オンラインを通してファンの皆さんと交流して、アルバムについてポジティブな感想をいただくようなことはあって、それはもちろん嬉しかったのですが、やっぱり同じ空間の中でお互いに正面から向き合って、ちゃんと曲に対する反応が得られるというのは何ものにも代えがたいですから。

ー今回のツアー演出には、『Screen Violence』のビジュアル全般を手掛けたスコット・キアナンも参加していますよね。あの世界観を実際に体験できるのがとても楽しみです。

ローレン : 今回の作品は今までのアルバムよりも具体的な内容になっているので、その世界観を更に掘り下げることができたのは良い経験でしたね。みんな、一度はホラー・アルバムを作ってみたいだろうし、した方がいいと思うんですけど……。

イアン : そう?

ローレン : そうだよ!(笑)だから、すごく楽しかったし、充分に時間もあったので、色々考えながら、長年一緒にやってきている照明のデザイナーの人たちとも話し合いながら、それぞれの曲のテーマに合った演出を作り上げていきました。これまでの作品よりも明確にビジュアルの方向性があって、それをしっかり反映したものになっていますし、よりパフォーマンス性の強い内容になっていると思います。もう1年ぐらいツアーを続けてきて、完璧な、最高の仕上がりになっているので、日本のファンは一番いい状態で見れるんじゃないかな(笑)。もう準備万端ですよ。


2023年1月11日(水)東京・Zepp Hanedaにて(Photo by Sotaro Goto)


Photo by Sotaro Goto

ー今回のツアーでは、アルバムのテーマに合わせて『ビートルジュース』や『キャリー』といった様々なホラー映画にインスパイアされた衣装を着てパフォーマンスを披露されていますよね。あの衣装はどのように決めていったのでしょうか?
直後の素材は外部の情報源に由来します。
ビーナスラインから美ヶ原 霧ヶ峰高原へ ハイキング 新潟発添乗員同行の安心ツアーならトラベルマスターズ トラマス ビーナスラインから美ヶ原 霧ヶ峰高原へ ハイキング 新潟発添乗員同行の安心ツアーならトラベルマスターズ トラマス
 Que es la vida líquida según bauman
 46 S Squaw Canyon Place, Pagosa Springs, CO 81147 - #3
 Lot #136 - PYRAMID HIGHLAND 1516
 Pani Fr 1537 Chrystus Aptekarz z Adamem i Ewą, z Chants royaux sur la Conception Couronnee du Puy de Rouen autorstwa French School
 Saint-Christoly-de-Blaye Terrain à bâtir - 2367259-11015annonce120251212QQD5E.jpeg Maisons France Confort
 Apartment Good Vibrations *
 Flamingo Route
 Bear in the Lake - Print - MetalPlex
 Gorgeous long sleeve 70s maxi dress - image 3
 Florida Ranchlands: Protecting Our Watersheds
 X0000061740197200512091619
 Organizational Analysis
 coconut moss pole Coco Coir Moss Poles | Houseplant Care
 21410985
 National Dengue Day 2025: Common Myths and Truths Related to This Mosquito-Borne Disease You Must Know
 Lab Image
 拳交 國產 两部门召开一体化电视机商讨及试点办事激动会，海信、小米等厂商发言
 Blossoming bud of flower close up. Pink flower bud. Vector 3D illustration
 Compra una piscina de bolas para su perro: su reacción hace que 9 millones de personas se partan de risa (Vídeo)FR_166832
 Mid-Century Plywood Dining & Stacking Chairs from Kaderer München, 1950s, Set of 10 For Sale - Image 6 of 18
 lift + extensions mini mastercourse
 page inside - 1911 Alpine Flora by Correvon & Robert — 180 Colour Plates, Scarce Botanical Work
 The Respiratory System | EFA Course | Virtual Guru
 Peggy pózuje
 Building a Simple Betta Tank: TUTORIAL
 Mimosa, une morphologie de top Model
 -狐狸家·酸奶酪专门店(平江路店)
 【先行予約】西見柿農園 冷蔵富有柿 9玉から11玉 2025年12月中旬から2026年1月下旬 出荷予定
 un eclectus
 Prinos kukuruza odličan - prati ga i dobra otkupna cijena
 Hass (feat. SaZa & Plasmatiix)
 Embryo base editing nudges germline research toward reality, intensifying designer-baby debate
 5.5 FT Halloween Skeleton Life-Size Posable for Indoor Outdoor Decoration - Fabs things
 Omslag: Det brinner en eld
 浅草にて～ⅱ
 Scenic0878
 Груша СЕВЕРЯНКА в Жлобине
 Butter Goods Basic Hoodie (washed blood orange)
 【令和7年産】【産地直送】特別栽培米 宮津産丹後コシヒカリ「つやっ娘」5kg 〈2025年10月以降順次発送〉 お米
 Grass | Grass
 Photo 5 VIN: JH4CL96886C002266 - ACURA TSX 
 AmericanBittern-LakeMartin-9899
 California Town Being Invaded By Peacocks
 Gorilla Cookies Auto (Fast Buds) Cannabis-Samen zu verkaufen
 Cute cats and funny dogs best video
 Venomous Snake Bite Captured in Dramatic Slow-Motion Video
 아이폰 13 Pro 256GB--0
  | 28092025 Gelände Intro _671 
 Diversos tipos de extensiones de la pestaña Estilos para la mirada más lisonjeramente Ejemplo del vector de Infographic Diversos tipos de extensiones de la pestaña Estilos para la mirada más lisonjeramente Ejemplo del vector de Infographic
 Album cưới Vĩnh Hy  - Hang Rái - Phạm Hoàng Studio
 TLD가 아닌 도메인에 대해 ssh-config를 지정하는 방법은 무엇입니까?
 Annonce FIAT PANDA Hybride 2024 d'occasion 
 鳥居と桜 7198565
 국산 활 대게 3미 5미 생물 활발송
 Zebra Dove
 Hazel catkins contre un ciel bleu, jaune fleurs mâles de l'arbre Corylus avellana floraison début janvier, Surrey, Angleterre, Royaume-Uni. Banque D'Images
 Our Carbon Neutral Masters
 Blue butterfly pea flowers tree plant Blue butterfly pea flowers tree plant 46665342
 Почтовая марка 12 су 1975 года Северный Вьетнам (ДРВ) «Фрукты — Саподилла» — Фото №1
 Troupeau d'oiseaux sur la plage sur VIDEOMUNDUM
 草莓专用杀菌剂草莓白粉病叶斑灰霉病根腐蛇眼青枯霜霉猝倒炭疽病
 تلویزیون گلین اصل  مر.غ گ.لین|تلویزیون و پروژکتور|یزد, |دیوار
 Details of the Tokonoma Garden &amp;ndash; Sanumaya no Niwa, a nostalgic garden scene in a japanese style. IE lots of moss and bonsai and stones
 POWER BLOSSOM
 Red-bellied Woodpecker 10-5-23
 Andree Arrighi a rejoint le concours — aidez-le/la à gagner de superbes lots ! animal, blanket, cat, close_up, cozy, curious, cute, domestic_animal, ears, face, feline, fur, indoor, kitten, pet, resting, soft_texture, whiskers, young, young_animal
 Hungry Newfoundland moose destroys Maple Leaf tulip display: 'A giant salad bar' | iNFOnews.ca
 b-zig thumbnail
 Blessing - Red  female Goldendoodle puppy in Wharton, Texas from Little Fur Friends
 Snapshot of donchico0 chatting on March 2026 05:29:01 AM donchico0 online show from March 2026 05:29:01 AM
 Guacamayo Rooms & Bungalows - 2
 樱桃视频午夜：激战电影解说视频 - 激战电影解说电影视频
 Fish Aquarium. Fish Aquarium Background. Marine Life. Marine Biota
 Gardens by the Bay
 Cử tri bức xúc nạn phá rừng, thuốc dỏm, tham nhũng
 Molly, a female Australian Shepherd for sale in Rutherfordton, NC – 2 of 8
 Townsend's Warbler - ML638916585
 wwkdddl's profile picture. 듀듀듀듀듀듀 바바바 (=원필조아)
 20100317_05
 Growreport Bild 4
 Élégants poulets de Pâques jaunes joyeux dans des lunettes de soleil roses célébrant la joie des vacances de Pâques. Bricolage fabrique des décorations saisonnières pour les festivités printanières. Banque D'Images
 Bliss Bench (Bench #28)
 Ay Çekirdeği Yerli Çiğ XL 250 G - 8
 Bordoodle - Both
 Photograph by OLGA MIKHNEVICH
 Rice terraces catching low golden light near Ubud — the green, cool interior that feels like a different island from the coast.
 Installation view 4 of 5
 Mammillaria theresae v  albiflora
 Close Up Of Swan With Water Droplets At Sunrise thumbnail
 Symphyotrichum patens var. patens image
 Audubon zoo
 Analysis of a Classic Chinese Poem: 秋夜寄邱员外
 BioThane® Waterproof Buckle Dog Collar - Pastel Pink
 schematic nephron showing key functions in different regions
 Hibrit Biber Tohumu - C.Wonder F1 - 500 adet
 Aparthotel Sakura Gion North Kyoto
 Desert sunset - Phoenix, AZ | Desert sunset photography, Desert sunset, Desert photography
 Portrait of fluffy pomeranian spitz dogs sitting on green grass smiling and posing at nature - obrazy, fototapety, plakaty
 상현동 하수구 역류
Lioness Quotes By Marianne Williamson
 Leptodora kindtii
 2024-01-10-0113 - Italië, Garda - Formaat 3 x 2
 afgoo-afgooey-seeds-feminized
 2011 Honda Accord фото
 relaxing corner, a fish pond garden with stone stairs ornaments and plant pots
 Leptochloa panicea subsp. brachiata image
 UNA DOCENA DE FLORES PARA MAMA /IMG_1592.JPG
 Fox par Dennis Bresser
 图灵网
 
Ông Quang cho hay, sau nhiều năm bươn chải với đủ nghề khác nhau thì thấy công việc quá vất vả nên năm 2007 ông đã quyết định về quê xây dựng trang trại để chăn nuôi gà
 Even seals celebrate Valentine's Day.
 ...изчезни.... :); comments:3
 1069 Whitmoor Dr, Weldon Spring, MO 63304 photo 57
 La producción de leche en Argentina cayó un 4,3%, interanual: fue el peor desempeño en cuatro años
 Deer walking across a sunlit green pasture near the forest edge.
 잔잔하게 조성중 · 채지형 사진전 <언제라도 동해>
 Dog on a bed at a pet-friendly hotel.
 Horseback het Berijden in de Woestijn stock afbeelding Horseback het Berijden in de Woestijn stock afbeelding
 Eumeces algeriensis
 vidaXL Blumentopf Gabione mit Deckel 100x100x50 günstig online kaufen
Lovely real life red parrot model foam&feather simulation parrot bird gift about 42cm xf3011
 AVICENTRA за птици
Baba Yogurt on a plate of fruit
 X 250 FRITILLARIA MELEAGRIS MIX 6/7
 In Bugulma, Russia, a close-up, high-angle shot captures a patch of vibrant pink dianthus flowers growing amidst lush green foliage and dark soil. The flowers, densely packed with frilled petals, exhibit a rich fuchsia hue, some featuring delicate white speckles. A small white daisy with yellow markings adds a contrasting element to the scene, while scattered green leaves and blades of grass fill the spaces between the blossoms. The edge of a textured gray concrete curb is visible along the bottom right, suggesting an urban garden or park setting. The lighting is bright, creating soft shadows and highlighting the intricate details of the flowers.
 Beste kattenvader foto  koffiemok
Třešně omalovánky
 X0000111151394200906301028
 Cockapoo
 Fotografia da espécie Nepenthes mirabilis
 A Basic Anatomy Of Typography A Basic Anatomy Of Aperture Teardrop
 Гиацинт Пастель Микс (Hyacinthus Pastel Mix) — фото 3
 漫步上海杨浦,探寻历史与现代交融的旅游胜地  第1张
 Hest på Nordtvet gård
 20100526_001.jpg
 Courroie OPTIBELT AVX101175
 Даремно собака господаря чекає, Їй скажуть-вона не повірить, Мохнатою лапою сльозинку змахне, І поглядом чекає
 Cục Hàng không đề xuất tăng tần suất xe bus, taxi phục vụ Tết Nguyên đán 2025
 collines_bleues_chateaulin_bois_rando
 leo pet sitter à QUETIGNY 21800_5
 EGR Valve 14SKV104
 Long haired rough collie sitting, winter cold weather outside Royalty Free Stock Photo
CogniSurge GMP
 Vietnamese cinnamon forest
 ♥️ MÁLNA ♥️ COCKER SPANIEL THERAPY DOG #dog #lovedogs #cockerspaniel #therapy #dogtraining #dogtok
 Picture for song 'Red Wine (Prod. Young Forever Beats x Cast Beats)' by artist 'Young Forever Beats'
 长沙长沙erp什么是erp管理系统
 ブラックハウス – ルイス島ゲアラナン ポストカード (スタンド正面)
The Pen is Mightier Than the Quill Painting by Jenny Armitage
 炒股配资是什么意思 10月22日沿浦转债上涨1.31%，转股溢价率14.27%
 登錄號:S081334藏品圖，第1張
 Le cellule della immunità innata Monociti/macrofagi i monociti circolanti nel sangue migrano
ローレン : 衣装を決めていくのはとても楽しかったですね。ライブ自体もそれに合わせていくつかのセクションに分かれているんですけど、まずはアルバム自体に赤・緑・青の色のテーマがあって、それぞれの楽曲や映像もそれぞれの色を持っていたので、それをなぞりながら、その中に『ローズマリーの赤ちゃん』とか色々なイースターエッグを織り交ぜていきました。ファンは色々な衣装自体を楽しんでくれるだろうし、もしホラー映画オタクだったら、きっと「あれは、あの作品に違いない!」って分かるんじゃないかなって。まぁ、もしみんなが分からなくても、自分が楽しいからいいやって思っていたんですけど(笑)。実際、SNSなどでファンからのたくさんの反応があって、すごく嬉しかったです。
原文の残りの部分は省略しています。